Court of Appeals of Kansas

June 14, 2013

ALLIANCE PLATFORMS, INC., Appellee,
v.
Brian BEHRENS, et al., Defendants, (Moxy Solutions, LLC), Appellant.

Page 31

Syllabus by the Court

1. When a district court vacates an arbitrator's award based on its interpretation of the contract that initially compelled the arbitration, we review the decision de novo.

2. A broad arbitration clause in a contract gives the arbitrator an expansive scope of authority to decide the issues involved in a case, and any doubts concerning the scope of the arbitration provision should be resolved in favor of arbitration.
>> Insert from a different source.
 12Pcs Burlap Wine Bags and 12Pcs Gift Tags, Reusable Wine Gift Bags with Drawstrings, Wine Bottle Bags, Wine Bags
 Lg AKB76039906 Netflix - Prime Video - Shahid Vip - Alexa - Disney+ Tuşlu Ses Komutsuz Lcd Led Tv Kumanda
3. A reviewing court must respect that the parties to an arbitration agreement contractually agreed to be bound by an arbitrator's decision.

4. Reviewing courts presume that an arbitrator's decision is valid. Even errors of law or fact are generally insufficient to overturn the decision unless the arbitrator acted in bad faith or took actions so unreasonable as to amount to affirmative misconduct.
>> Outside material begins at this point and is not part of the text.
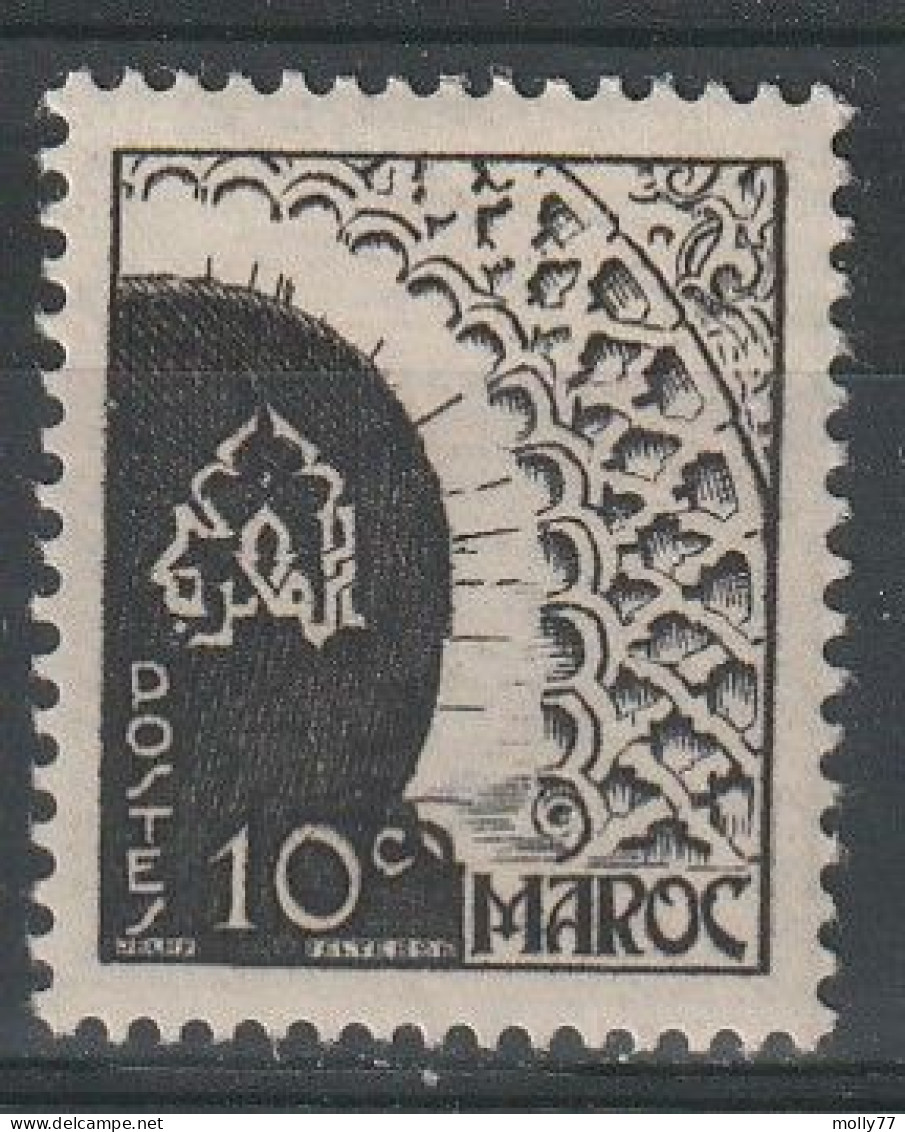 Maroc N°277 - Used Stamps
5. Only in extraordinary circumstances is an arbitrator's interpretation of a contract so irrational or unreasonable as to be a sufficient basis to vacate an award.

6. Where both parties are afforded partial relief, an arbitrator has not exceeded his or her power and discretion in concluding that neither party is entitled to attorney fees under a contractual prevailing party provision.

Neil L. Johnson and Sharon A. Stallbaumer, of Berkowitz Oliver Williams Shaw & Eisenbrandt, LLP, of Kansas City, Missouri, for appellant.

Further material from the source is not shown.